**Problem requirements:** The whole listing, apart from its images, should be restated word for word.

**Data:**
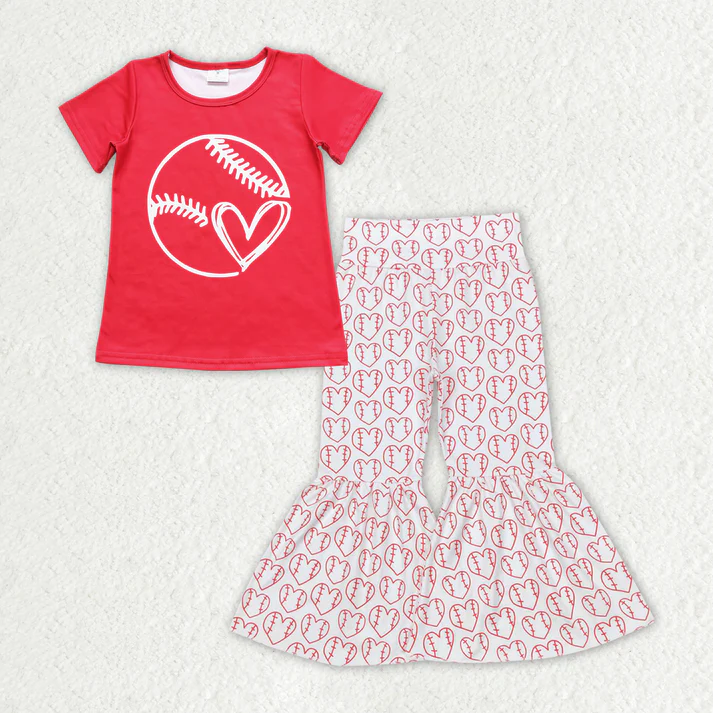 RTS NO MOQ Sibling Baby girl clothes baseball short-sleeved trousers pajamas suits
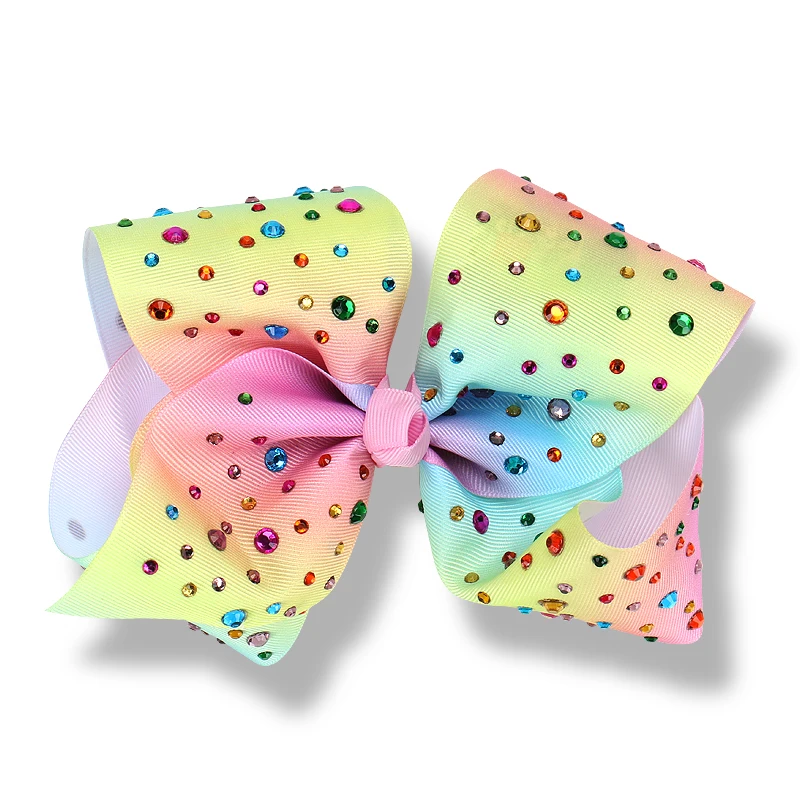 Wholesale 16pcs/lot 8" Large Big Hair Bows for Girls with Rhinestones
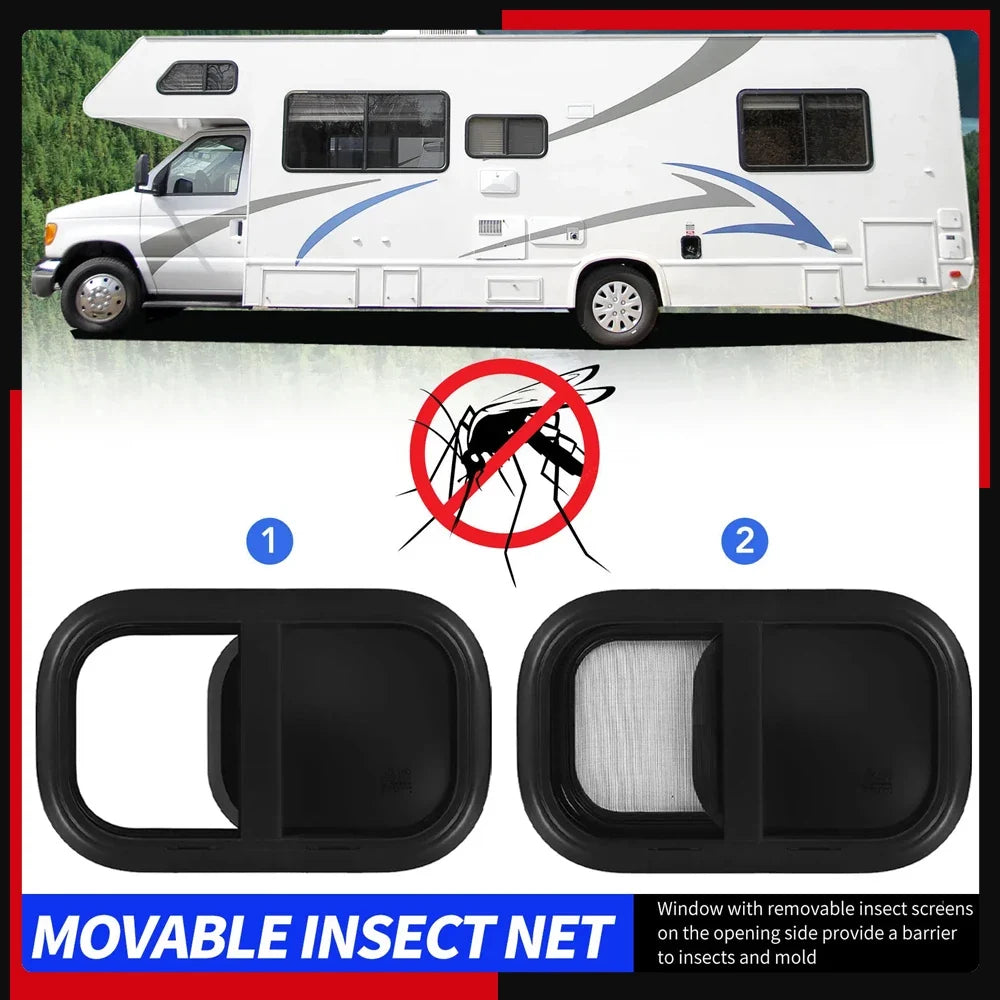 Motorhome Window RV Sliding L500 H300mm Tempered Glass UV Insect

**Exercise result:**
 RTS NO MOQ Sibling Baby girl clothes baseball short-sleeved trousers pajamas suits
 Wholesale 16pcs/lot 8" Large Big Hair Bows for Girls with Rhinestones
 Motorhome Window RV Sliding L500 H300mm Tempered Glass UV Insect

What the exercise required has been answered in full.